M. Besen: Die Kommission wird nunmehr die im Rahmen ihrer Firmendurchsuchungen gewonnenen Erkenntnisse auswerten und anhand von Fragebogenaktionen testen. Sie wird sich in den kommenden Monaten ein Bild über die Branche machen und dann voraussichtlich im dritten Quartal 2008 einen Zwischenbericht über ihre Ergebnisse veröffentlichen und Gelegenheit zur Stellungnahme geben. Der finale Bericht soll im ersten Quartal 2009 erscheinen. Ähnliche Berichte gab es bereits für den Energiesektor oder im Finanzdienstleistungssektor Anfang 2007. Diese Reports sind keine Beschlüsse, keine Entscheidungen. Sie sind lediglich eine - wenn auch detaillierte - kartellrechtliche Momentaufnahme einer Branche.

Das heißt den untersuchten Unternehmen drohen im Falle eines Regelverstoßes keine Bußgelder?

M. Besen: Nicht unmittelbar durch den Bericht. Aber alles, was im Rahmen dieser Sektorenuntersuchung an konkre-ten Anhaltspunkten gefunden wird, kann Gegenstand eines separaten Verfahrens werden. Wird bei diesem Verfahren festgestellt, dass eine Absprache zwischen Wettbewerbern stattgefunden hat oder eine marktbeherrschende Stellung missbraucht wurde, kann dies mit empfindlichen Bußgeldern in Höhe von 10% des Konzernumsatzes geahndet werden. Insofern ist die Untersuchung eine Vorstufe, die es nicht zu unterschätzen gilt.

Wie sollten die betroffenen Unternehmen sich verhalten?

M. Besen:
Sie sollten nicht in Panik verfallen, aber die Untersuchung extrem ernst nehmen. Ein Unternehmen muss, wenn es jetzt untersucht wird, umfangreiche Fragebögen beantworten. Es hat dabei die Pflicht, erstens mitzuwirken und zweitens keine falschen irreführenden Tatsachen anzugeben. Dies wäre an sich wieder ein bußgeldträchtiger Tatbestand. Aber nochmals, und das ist das Entscheidende und daraus resultiert auch das erhebliche Unternehmensrisiko: Wenn im Rahmen dieser Sektorenuntersuchung konkrete Anhaltspunkte gefunden werden, wird die Kommission separate Verfahren eröffnen, was sie in anderen Sektoren stets gemacht hat.

Und möglicherweise wird bei der Untersuchung etwas entdeckt, was vom Unternehmen bislang gar nicht als Kartellverstoß wahrgenommen wurde, z.B. ungeschickte Unternehmenskommunikation oder irgendwelche Verträge, die nicht durch die Rechtsabteilung gelaufen sind.

Die Sektorenuntersuchung soll den Wettbewerb in der Pharmabranche stärken.

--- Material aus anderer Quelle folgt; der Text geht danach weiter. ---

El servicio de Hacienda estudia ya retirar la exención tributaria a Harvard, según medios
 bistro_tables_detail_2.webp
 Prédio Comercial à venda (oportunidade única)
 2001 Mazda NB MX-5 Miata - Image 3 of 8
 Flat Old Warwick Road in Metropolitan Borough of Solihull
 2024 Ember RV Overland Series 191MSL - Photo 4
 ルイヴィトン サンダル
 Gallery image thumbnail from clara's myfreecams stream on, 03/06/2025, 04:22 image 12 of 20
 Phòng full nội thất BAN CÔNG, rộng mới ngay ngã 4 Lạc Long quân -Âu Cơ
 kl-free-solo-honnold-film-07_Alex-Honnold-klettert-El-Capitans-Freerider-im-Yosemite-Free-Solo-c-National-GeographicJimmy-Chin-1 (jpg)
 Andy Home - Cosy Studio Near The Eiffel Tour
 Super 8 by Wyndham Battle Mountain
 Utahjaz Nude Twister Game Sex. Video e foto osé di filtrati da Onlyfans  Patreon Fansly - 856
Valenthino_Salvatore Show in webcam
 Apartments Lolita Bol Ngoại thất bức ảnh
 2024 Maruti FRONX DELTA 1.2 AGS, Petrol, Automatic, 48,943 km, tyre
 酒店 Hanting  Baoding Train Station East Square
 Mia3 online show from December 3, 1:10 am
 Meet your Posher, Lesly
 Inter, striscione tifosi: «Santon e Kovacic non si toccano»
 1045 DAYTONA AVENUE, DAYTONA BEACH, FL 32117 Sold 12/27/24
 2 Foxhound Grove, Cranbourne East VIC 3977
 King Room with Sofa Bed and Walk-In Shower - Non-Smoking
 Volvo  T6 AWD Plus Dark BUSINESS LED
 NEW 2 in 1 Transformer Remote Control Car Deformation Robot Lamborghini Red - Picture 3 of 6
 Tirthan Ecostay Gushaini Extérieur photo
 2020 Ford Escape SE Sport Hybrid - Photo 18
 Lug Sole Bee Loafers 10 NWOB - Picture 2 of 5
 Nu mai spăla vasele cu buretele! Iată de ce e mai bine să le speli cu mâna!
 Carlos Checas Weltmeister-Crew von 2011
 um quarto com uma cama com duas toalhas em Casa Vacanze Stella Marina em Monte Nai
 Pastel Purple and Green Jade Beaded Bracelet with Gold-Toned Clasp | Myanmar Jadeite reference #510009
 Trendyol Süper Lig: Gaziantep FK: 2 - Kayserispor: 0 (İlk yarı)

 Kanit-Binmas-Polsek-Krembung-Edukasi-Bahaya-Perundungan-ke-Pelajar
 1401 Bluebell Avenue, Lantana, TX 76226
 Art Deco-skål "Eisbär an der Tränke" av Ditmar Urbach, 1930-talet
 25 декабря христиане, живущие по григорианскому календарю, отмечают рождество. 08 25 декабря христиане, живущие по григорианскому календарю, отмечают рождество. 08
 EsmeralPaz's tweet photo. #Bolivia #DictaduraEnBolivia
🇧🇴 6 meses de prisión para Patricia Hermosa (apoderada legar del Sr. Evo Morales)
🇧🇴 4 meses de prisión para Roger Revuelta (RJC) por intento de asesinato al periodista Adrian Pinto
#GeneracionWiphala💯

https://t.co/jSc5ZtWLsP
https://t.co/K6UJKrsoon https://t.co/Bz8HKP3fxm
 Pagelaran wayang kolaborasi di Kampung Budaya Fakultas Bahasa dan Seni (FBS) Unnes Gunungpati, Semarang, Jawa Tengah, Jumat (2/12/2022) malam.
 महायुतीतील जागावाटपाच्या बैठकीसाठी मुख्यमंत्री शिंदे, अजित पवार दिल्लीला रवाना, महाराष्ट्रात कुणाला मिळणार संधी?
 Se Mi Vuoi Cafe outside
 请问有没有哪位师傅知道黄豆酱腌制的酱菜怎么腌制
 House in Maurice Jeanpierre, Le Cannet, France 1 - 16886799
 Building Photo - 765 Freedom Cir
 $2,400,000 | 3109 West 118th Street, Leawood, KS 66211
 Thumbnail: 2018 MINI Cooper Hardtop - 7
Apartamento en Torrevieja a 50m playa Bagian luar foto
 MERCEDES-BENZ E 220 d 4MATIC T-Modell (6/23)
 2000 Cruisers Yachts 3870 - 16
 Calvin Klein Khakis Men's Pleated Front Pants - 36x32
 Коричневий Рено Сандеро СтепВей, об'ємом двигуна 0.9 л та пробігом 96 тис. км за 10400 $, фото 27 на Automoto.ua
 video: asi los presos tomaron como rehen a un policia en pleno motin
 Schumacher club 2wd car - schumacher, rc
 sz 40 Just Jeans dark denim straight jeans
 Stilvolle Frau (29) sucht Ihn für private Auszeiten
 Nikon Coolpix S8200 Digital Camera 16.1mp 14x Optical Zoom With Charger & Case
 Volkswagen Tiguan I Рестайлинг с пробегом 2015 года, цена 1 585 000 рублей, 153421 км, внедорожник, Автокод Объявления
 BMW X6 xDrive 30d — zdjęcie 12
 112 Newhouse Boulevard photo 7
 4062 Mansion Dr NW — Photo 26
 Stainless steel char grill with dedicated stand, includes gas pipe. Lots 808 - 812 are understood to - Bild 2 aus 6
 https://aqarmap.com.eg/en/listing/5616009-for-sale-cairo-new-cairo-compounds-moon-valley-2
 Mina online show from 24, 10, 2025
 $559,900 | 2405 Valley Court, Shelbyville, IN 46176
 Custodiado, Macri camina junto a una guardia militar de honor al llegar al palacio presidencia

Glauben Sie, dass dieses Ziel erreicht werden kann?

M. Besen: Frau Kroes hatte ein klares Bekenntnis abgegeben, den Innovationsanreiz und somit die forschende Pharmaindustrie zu stärken. Ihr Ziel scheint es daher nicht zu sein, die europäische Pharmaindustrie durch das Kartellrecht zu lähmen. Daher hoffe ich stark, dass die Kommission mit Augenmaß vorgehen wird. Aber es bleibt ein schwieriges Unterfangen. Auf der einen Seite soll der Verbraucher, der Patient, nicht am hohen Preis leiden und auf der anderen Seite soll nicht die Qualität der Medikamentenversorgung beeinträchtigt werden. Das ist ein Spannungsverhältnis zwischen Kartellrecht und geistigem Eigentumsschutzrecht, bei dem es gilt, negative Auswirkungen auf die Innovationsfreudigkeit der Pharmaindustrie zu verhindern.